SUMBAWA BESAR — Rencana perpanjangan landasan pacu Bandara Sultan Muhammad Kaharuddin di Sumbawa memasuki babak krusial. Pemkab Sumbawa mengalokasikan dana besar hanya untuk pembebasan lahan, belum termasuk biaya konstruksi yang diproyeksikan mencapai triliunan rupiah.
Berdasarkan data yang dihimpun pemerintah daerah, setidaknya ada 200 unit rumah dan bangunan yang akan terdampak perluasan tersebut. Angka ini menjadi dasar perhitungan awal kebutuhan anggaran yang mencapai Rp200 miliar lebih.
Landasan Pacu 2.200 Meter untuk Layani Pesawat Badan Lebar
Bupati Sumbawa, Ir. H. Syarafuddin Jarot, mengungkapkan panjang runway yang dimiliki saat ini baru sekitar 1.800 meter. Pemerintah berencana menambah 400 meter sehingga total menjadi 2.200 meter.
"Panjang landasan pacu yang dimiliki saat ini sekitar 1.800 meter dan akan kita perpanjang sekitar 400 meter. Kita butuhkan sekitar 2.200 meter agar bandara ini bisa didarati pesawat jenis boieng dan airbus," kata Bupati Sumbawa, Selasa (11/8).
Penambahan panjang ini menjadi syarat mutlak bagi maskapai untuk mendaratkan pesawat berbadan lebar. Saat ini, konektivitas udara Sumbawa masih terbatas pada pesawat kecil karena keterbatasan infrastruktur.
Maskapai Beri Lampu Hijau, Subsidi Kursi Jadi Antisipasi
Di tengah keterbatasan anggaran jangka pendek, Pemkab Sumbawa terus menjajaki kerja sama dengan maskapai penerbangan. Hasil komunikasi terakhir dengan Sriwijaya Air dan TransNusa menunjukkan sinyal positif.

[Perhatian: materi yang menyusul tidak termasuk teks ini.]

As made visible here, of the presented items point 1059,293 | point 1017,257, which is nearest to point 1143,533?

"Alhamdulillah, kita sudah diberikan lampu hijau terkait penjajakan kerja sama. Kami tinggal informasi lebih lanjut dari maskapai untuk merealisasikan rencana tersebut," ujarnya.

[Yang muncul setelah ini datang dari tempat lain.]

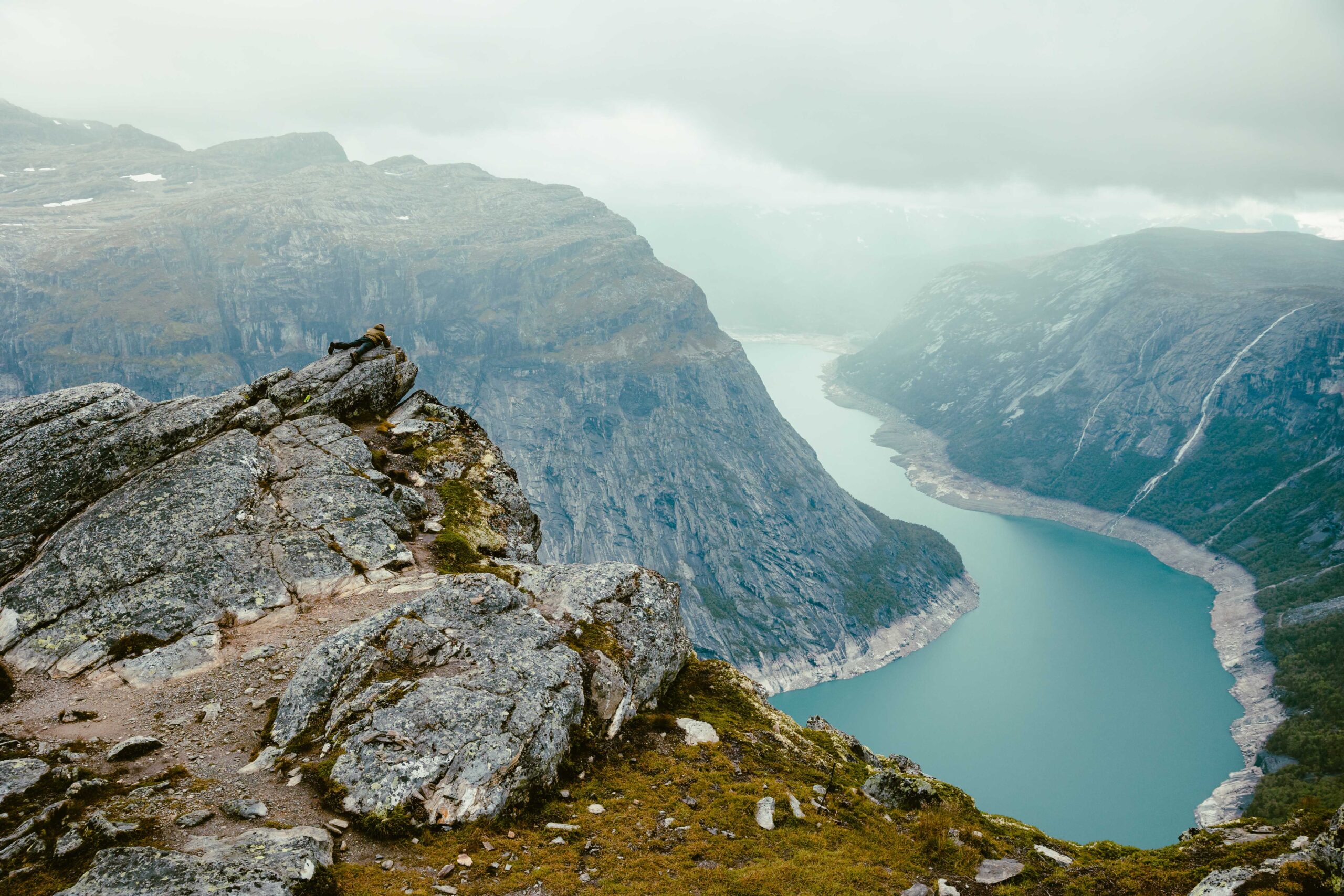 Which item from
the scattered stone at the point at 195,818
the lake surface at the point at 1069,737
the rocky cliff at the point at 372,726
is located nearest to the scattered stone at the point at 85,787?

Pemkab Sumbawa menyadari maskapai biasanya mengajukan permintaan subsidi untuk melayani rute yang belum padat penumpang. Pemerintah daerah telah menyiapkan pola antisipasi dengan berkoordinasi bersama sejumlah perbankan dan perusahaan swasta untuk membantu memberikan subsidi kursi.
Pergerakan Penumpang Tumbuh 20,8 Persen, Kargo Masih Tertekan
Kepala Otoritas Bandara Sultan Muhammad Kaharuddin, Tri Pono Basuki Wijianto, mencatat pergerakan penumpang terus mengalami tren positif setiap tahun. Tahun 2025 menjadi periode pertumbuhan paling agresif dengan capaian 20,80 persen.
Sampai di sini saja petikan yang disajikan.